English-teaching school, Gaba, is to IPO on Mothers on
December 1st. The company will be offering 14,200 shares
at JPY265,000, giving the company a market cap of
JPY11.39bn (US$97.4m). The company in its current form was
created as recently as June 1994, through a management
buy-out. It expects to record sales of JPY7.75bn (US$66.2m)
and net profit of JPY808m (US$6.9m) through December this
year, quite a turn-around from 2005, which saw sales of
JPY5.52bn (US$47m) and net profit of minus JPY2.87bn
(US$24.5m), thus resulting in a notional PER of -3.7.
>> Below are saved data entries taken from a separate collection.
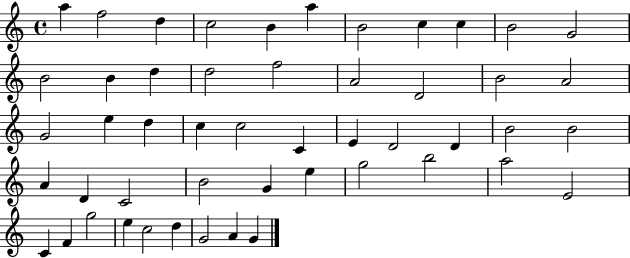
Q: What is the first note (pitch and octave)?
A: A5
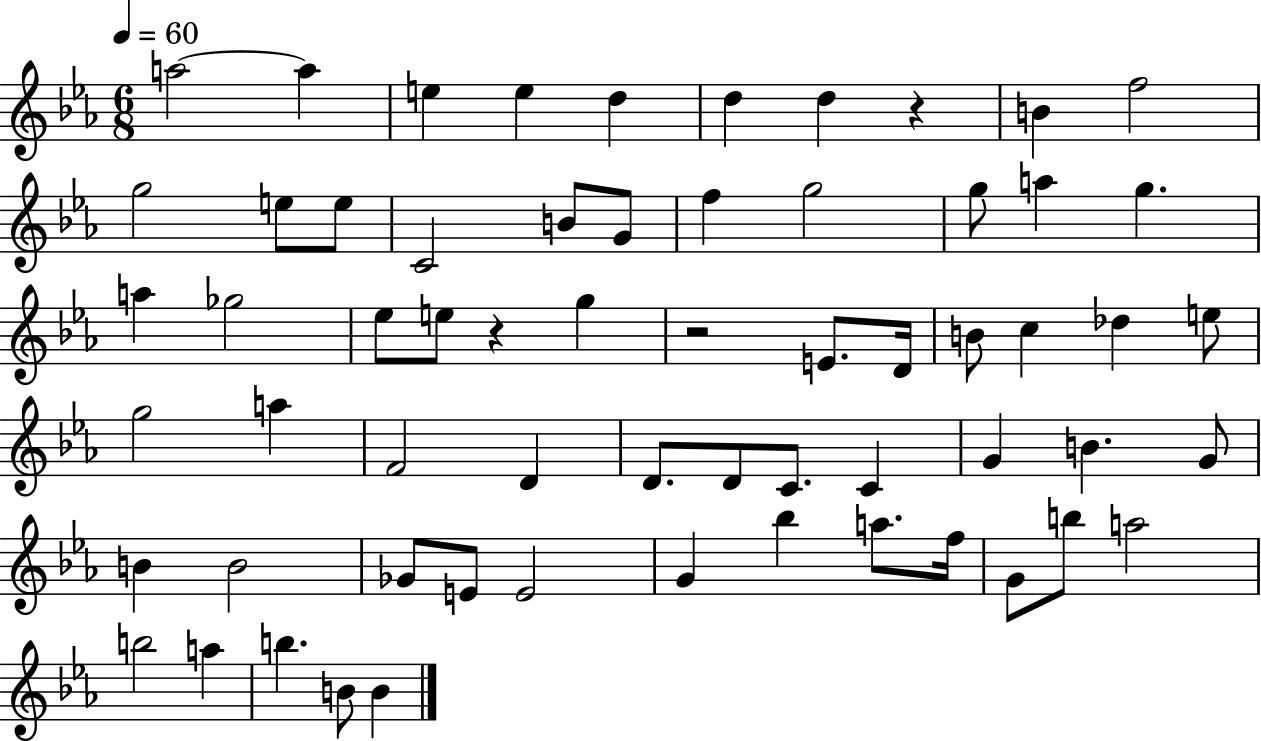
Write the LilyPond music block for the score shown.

{
  \clef treble
  \numericTimeSignature
  \time 6/8
  \key ees \major
  \tempo 4 = 60
  \repeat volta 2 { a''2~~ a''4 | e''4 e''4 d''4 | d''4 d''4 r4 | b'4 f''2 | \break g''2 e''8 e''8 | c'2 b'8 g'8 | f''4 g''2 | g''8 a''4 g''4. | \break a''4 ges''2 | ees''8 e''8 r4 g''4 | r2 e'8. d'16 | b'8 c''4 des''4 e''8 | \break g''2 a''4 | f'2 d'4 | d'8. d'8 c'8. c'4 | g'4 b'4. g'8 | \break b'4 b'2 | ges'8 e'8 e'2 | g'4 bes''4 a''8. f''16 | g'8 b''8 a''2 | \break b''2 a''4 | b''4. b'8 b'4 | } \bar "|."
}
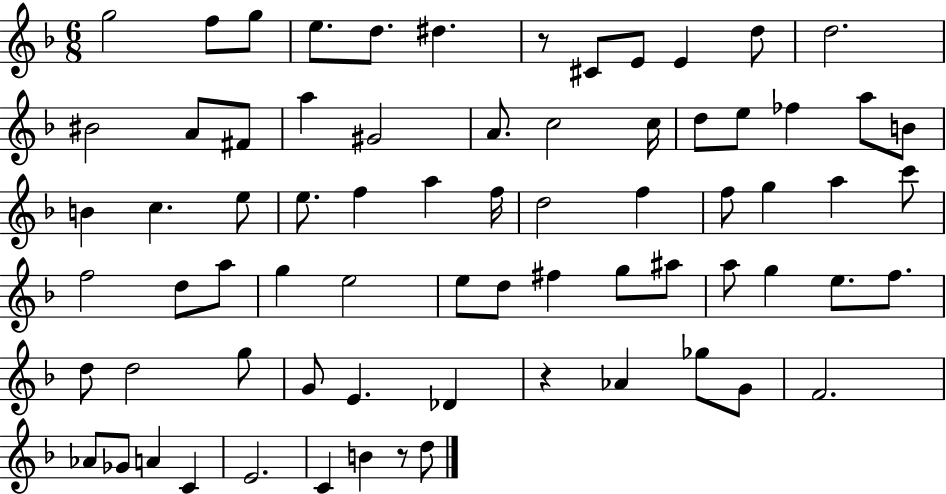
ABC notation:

X:1
T:Untitled
M:6/8
L:1/4
K:F
g2 f/2 g/2 e/2 d/2 ^d z/2 ^C/2 E/2 E d/2 d2 ^B2 A/2 ^F/2 a ^G2 A/2 c2 c/4 d/2 e/2 _f a/2 B/2 B c e/2 e/2 f a f/4 d2 f f/2 g a c'/2 f2 d/2 a/2 g e2 e/2 d/2 ^f g/2 ^a/2 a/2 g e/2 f/2 d/2 d2 g/2 G/2 E _D z _A _g/2 G/2 F2 _A/2 _G/2 A C E2 C B z/2 d/2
Actually, with such negative numbers last year, we're
surprised that Gaba didn't wait an extra year to go public,
so that the PER would look normal. But we presume that with
the extent of the turn-around, management expects that
shareholders will look forward for similar results in
coming years, rather than looking at what is in the past.
Given the current downwards trend in stock market IPOs, as
well as removal of shareholder tax breaks (more in NEWS
section below) maybe they're right in taking the risk. This
could well be their best chance to do a reasonably priced
IPO for some time to come.

Anyway, while the Gaba folks are no doubt excited about the
prospect of being able to tap public funds, we believe that
it will be difficult for the company to maintain a decent
stock price going forward. The reason for this is less a
reflection of Gaba, although the school comes in for plenty
of criticism from the English teacher fraternity for its
low salaries, and more due to the problematic nature of the
English teaching sector in Japan in general. While we won't
name names, several of the biggest schools in the nation
are rumored to be on the verge of bankruptcy, and for one
school in particular, the losses are so great one wonders
how it stays afloat.

You would think that the English teaching business, known
as "Eikaiwa", in Japan would be good. The Nikkei says that
the industry is worth about JPY700bn (US$5.98bn) a year, of
which JPY280bn (US$2.39bn), or 40%, represents English
language schools for adults. Students are obviously paying
high rates and the top four companies operate 1,500
branches between them. Nova for example has 600+ schools,
GEOS has 500+, and Aeon and ECC about 500 together. No one
seems to know just how many adult learners of English there
really are in Japan, but it's safe to say it is a lot. The
numbers indicate somewhere about 2m-3m people at any one
time, with the average student paying out about JPY100,000
(US$854) a year in fees.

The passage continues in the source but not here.